__Aim of the task__.
Only the lines from the one bearing "Comparison tests 60, Comparison" through the end of the listing belong in your response, restated word for word and without pictures.
^^^^^^^^^^^^^^^^
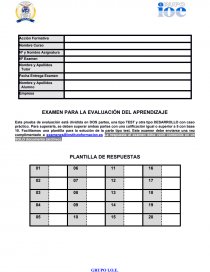 EXAMEN PARA LA EVALUACIÓN DEL APRENDIZAJE. Página 1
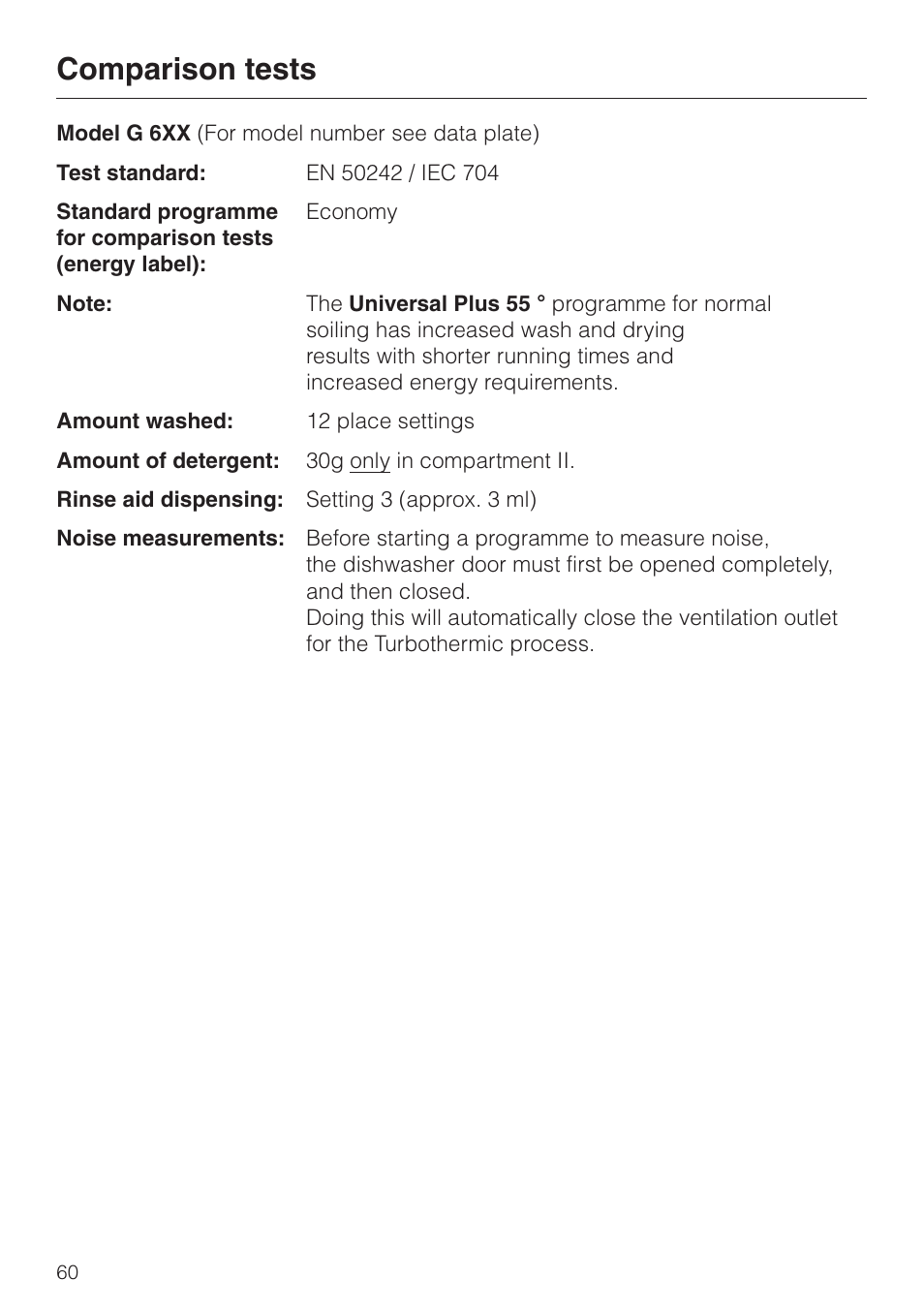 Comparison tests 60, Comparison tests | Miele G 6XX User Manual | Page 60 / 72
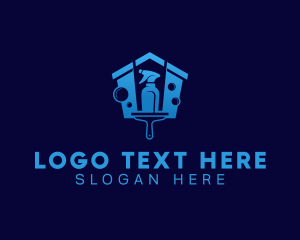 House - House Clean Squeegee logo design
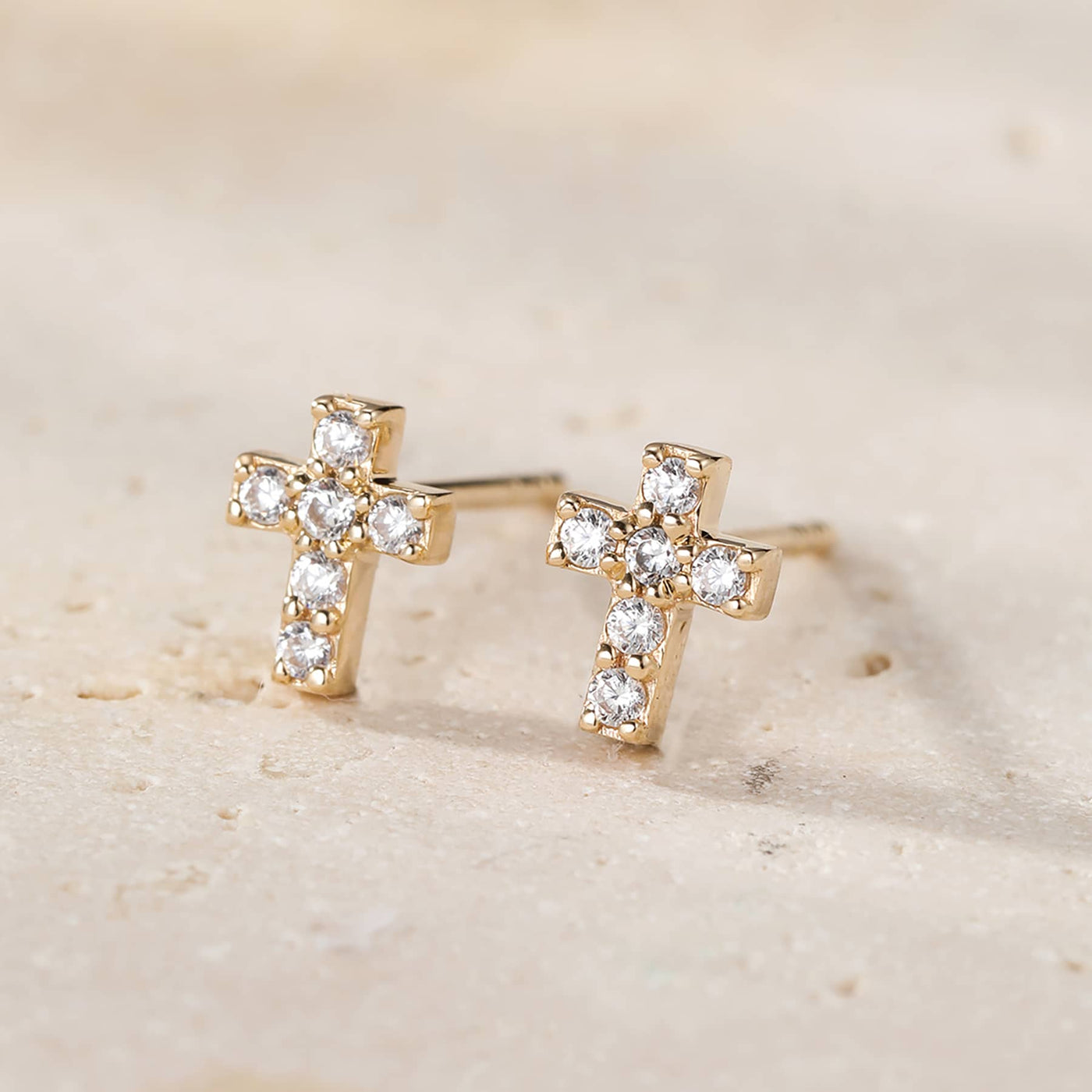 Hope Stud Earrings 14K Gold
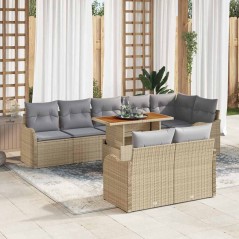 vidaXL Set da giardino in 9 pezzi con cuscini beige in rattan di polipropilene e legno di acacia.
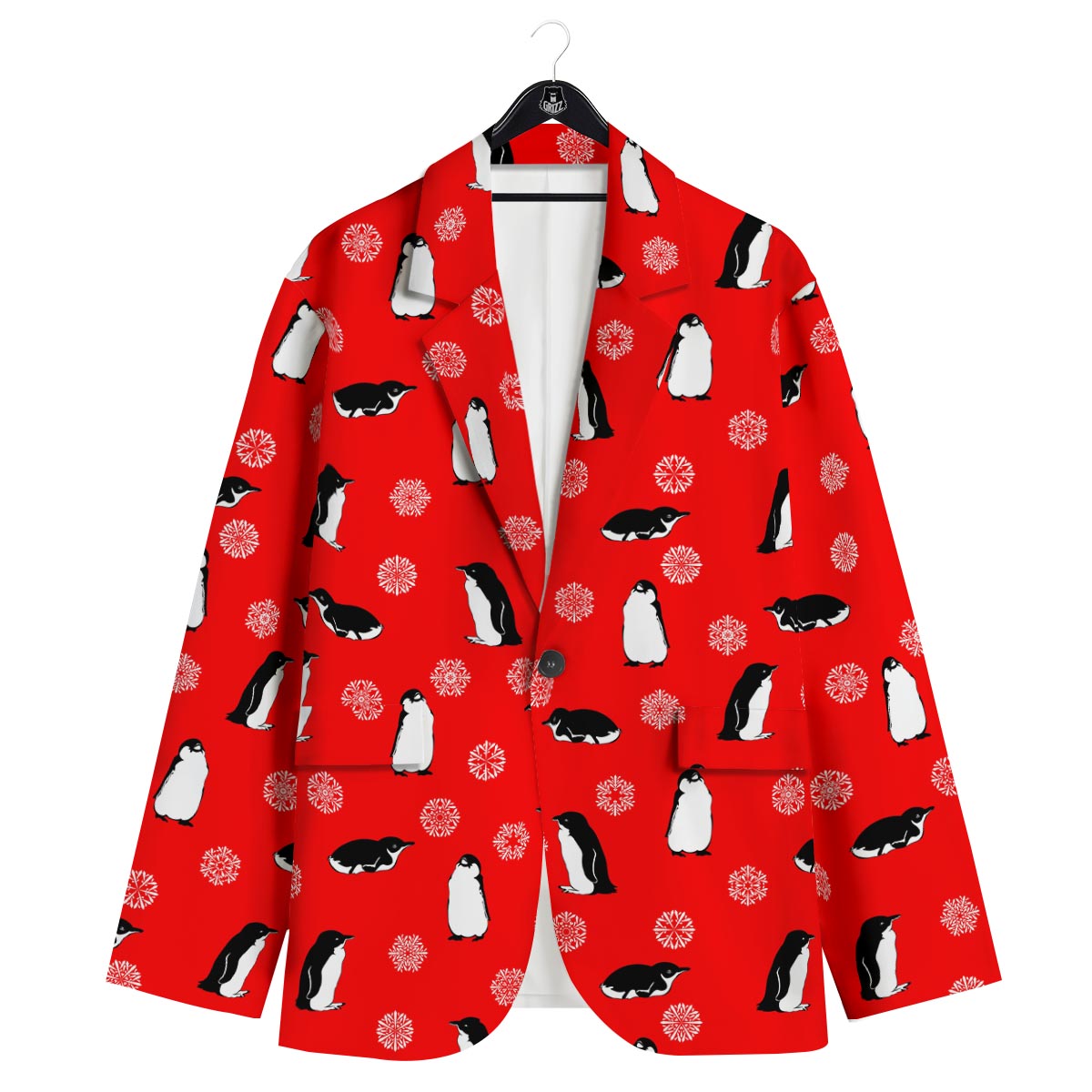 Penguin Red Snow Print Pattern Men's Sport Coat-grizzshop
^^^^^^^^^^^^^^^^
__Answer section__.
 Comparison tests 60, Comparison tests | Miele G 6XX User Manual | Page 60 / 72
 House - House Clean Squeegee logo design
 Hope Stud Earrings 14K Gold
 vidaXL Set da giardino in 9 pezzi con cuscini beige in rattan di polipropilene e legno di acacia.
 Penguin Red Snow Print Pattern Men's Sport Coat-grizzshop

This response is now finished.